Era Quevedo un escritor barroco, pequeño sólo de cuerpo, una cabeza privilegiada, una pluma bermeja (no hay más que decir para quien conoce la furia y acidez de su vida y obra), los ojos, desorbitados en la expresión, que parecía que miraba las almas, hábiles para desenmascarar apariencias; la nariz, entre “desengaño” e “intolerancia”, porque la decadencia que le rodeaba había agudizado sus sentidos; la cara, descolorida del miedo a la muerte, que, de inseparable presencia, parecía que amenazaba con llevárselo desde la cuna; los sentimientos, le faltaban no sé cuántos, y pienso que por creerlos debilidad, los había desterrado… El habla, inabarcable, brillante, ingeniosa, conceptista, intelectual, satírica, petrarquista, inimitable, desmesurada, moralizante, violenta. Al fin, él era archibarroco y protogenio.
Durante los últimos años, al pasear por el centro de la ciudad suelo hacer un alto en una conocida librería. Allí, en la primera planta, en las estanterías dedicadas a la poesía, en el anaquel más alto y a la izquierda, letra a, aprisionado entre nobles volúmenes de anónimos y antologías, ignorado por Alberti y Auden, tímido y ausente, asoma un libro de lomo blanco titulado Poesía china, siglos IX a. C. – XX. Elijo una página al azar, leo una o dos poesías y me invade una emoción serena. Después vuelvo a colocar el libro en su sitio y, he de confesarlo, lo dejo bien escondido para evitar que lo adquiera algún despistado y me prive durante un tiempo de mi pequeño y placentero ritual.
No recuerdo por qué abrí ese libro por primera vez. Supongo que la curiosidad por lo desconocido y la inquietud del lector que ya es consciente de que nunca podrá leer todo lo que desearía, y que no quiere dejar pasar oportunidades. El caso es que, tras una primera experiencia, me vi tentado a investigar la historia de esa literatura, el contexto socio-político, su poética y a sus autores; adquiriría el libro y lo devoraría. Afortunadamente, no lo hice.
Fue una buena decisión, pues aposté por ignorar lo concreto y dejar a la imaginación libre. Borges, en su conferencia La música de las palabras y la traducción lo expresó con sabiduría: “Imagino que, en un futuro, los hombres se preocuparán por la belleza, no por las circunstancias de la belleza”. ¿El resultado?, una lectura más intensa y una comprensión profunda del sentimiento lírico; ¿lo que encontré en las poesías?, trataré de explicarlo.
Es la aprehensión del instante.
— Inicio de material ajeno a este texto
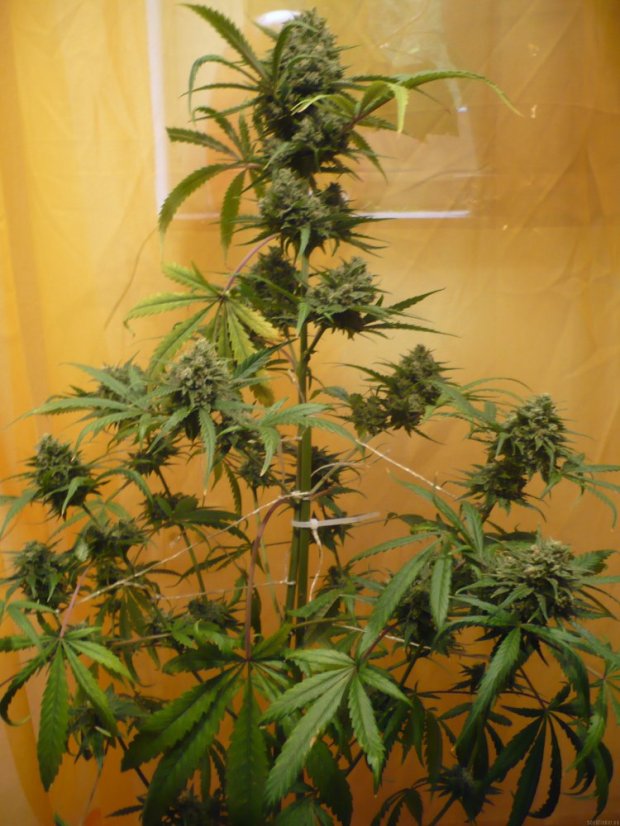 Northern Lights Automatic - feminizovaná a samonakvétací semínka 5ks Sensi Seeds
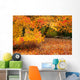orange trees Wall Mural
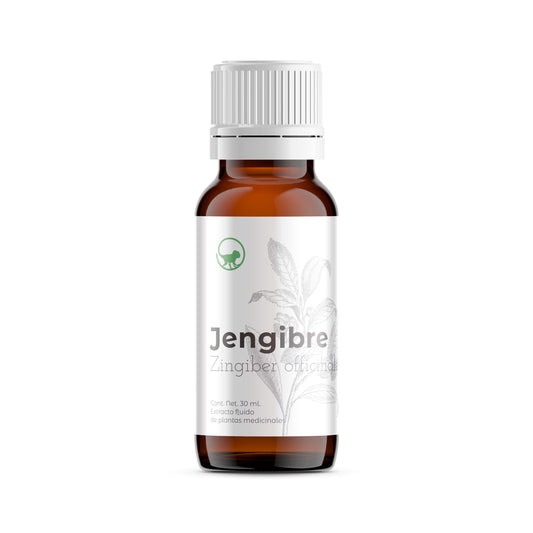 Jengibre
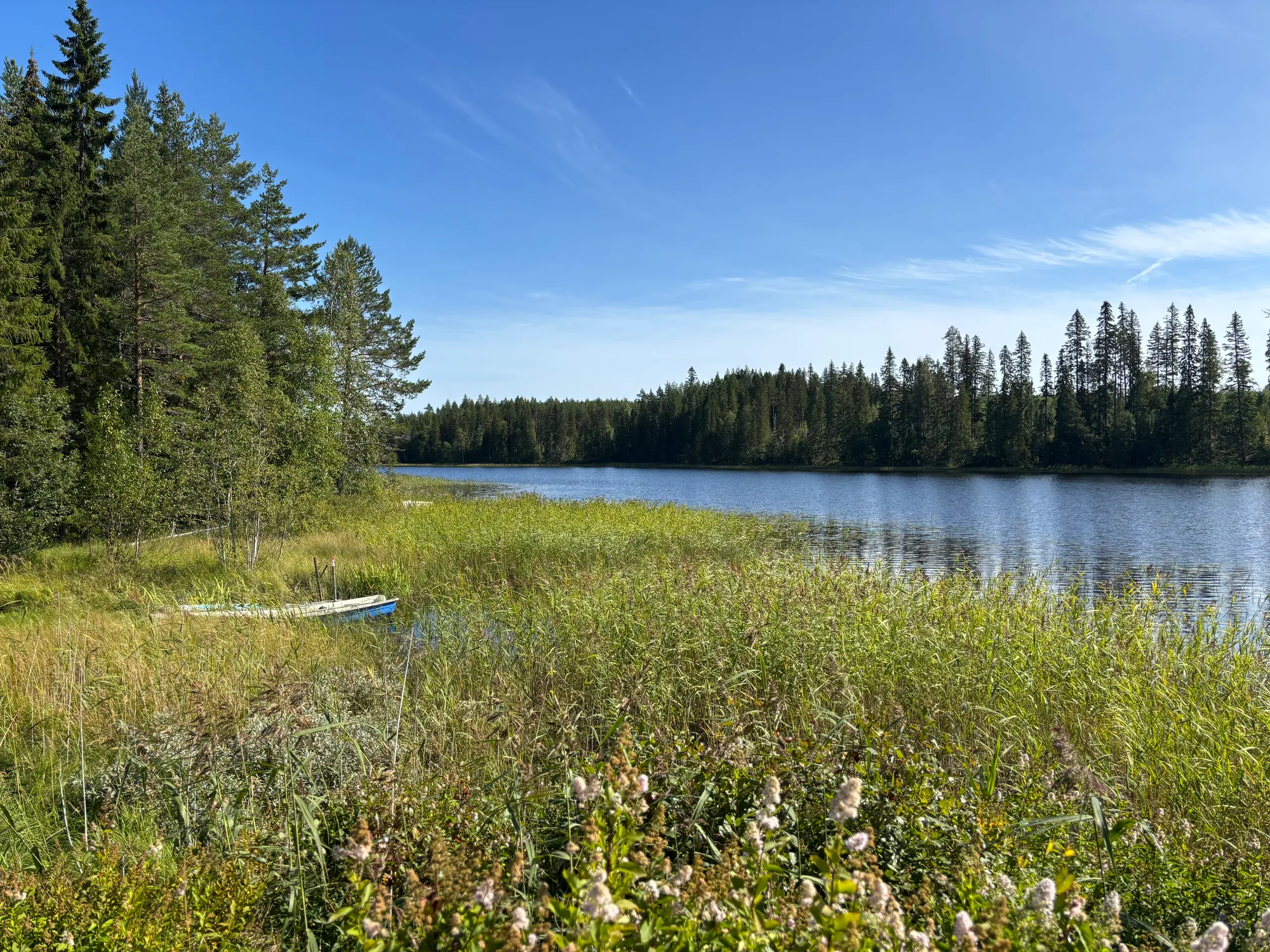 Mosjön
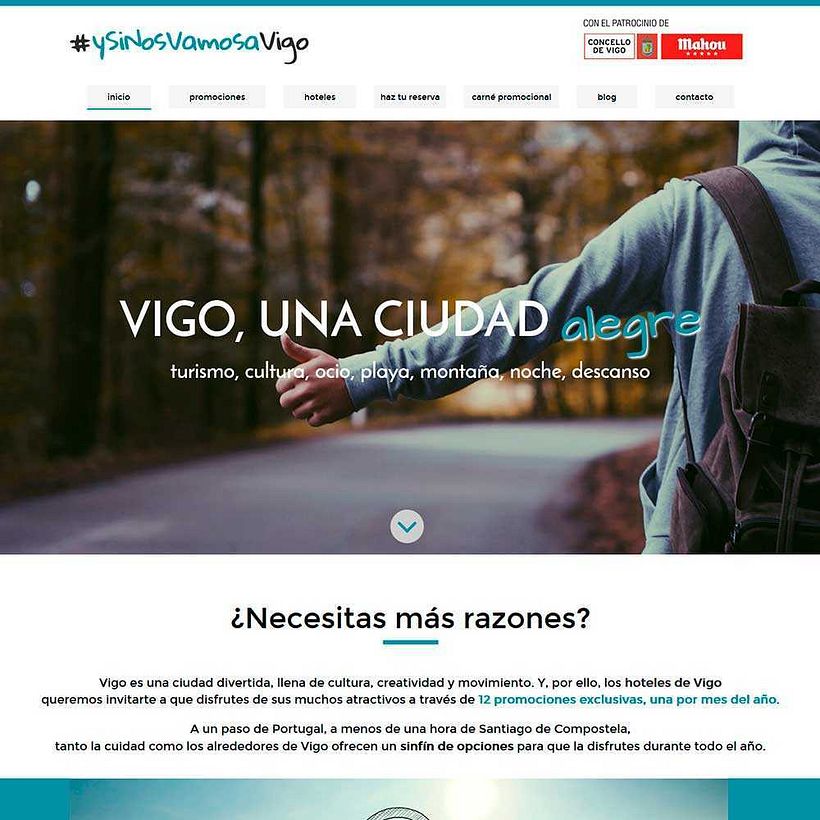 Portafolio diseño web Vigo 6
El tiempo detenido donde todo lo que sucede se amplifica hasta adquirir intenso significado: el murmullo de una hoja seca arrastrada por el viento, el rumor de las gotas de lluvia empapando el suelo, la bruma y el sol, el color de la flor, las estaciones que van y siempre vuelven, las cumbres misteriosas que esconden leyendas todavía no narradas; el recuerdo del hijo, del amor ausente, de las glorias y penurias pasadas, el siseo de una conversación lejana entre dos ancianos que no llegamos a descifrar, aquella noche en la que apuramos la copa de la amistad…
Es, en fin, el universo, hermoso e indiferente a los hombres, y sólo disponible para aquel que ha conseguido detenerse y sentir.
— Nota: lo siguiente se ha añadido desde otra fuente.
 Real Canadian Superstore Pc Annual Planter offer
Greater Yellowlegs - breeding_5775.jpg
Haré una excepción a mi voluntaria ignorancia de las «circunstancias de la belleza» porque sería injusto no nombrar al traductor, el filólogo e hispanista vietnamita Guojian Chen. Con sensibilidad de orfebre ha traducido a un hermoso castellano unas obras que la mayoría no leeremos en su idioma original. Hasta qué punto se ha mantenido fiel al poema original o, como dice el citado Borges, ha creado una “belleza propia” diferente del original nunca podremos saberlo. Pero ¿a quién le preocupa eso?
Hace un tiempo me quedé sin palabras para una amiga que pasaba por momentos de grandísimo dolor por la muerte de una hermana. Recurrí entonces a un poema de este libro, escrito en el siglo XII por Xin Quiji, un guerrero lejano. Me pareció que expresaba el único consuelo al que agarrarse en ese momento:
LO QUE SIGNIFICA LA TRISTEZA
De joven, yo no conocía la tristeza.
En busca de inspiración,
solía subir a las torres,
pagodas y altos pabellones,
y lograba versos bien melancólicos.
Ahora que he experimentado y probado
todos los sinsabores de la tristeza,
quiero expresarlo, mas no puedo.
No consigo decir sino:
¡Qué fresco está el tiempo!
¡Qué hermoso el otoño!
Quién sabe si en el futuro daré el paso de estudiar a fondo “las circunstancias de la belleza” y explore la atrayente similitud que me parece ver entre muchos poemas breves chinos y nuestro Cancionero tradicional español. De momento, seguiré imaginando que hace siglos guerreros, señores feudales, funcionarios y poetas de rasgos orientales sintieron la necesidad de explicarse a sí mismos y que nos regalan ahora respuestas sencillas a los enigmas humanos.
Fue hace noventa y cuatro años. Un 21 de Julio de 1921 comenzó el conocido Desastre de Annual. Dicen que diez mil españoles cayeron ese día y los siguientes, huyendo, combatiendo, muriendo. La humillación militar y nacional dio lugar a la búsqueda de las responsabilidades, que se mostraron crudas e indecentes. Estudios históricos se han escrito, algunos con más perspectiva que otros; testigos del horror y de la ignominia lo han narrado en Imán, de Ramón J. Sender y en La ruta, de Arturo Barea, los más notables y literarios ejemplos. En la historia de España es un hecho de gran influencia y una vergüenza.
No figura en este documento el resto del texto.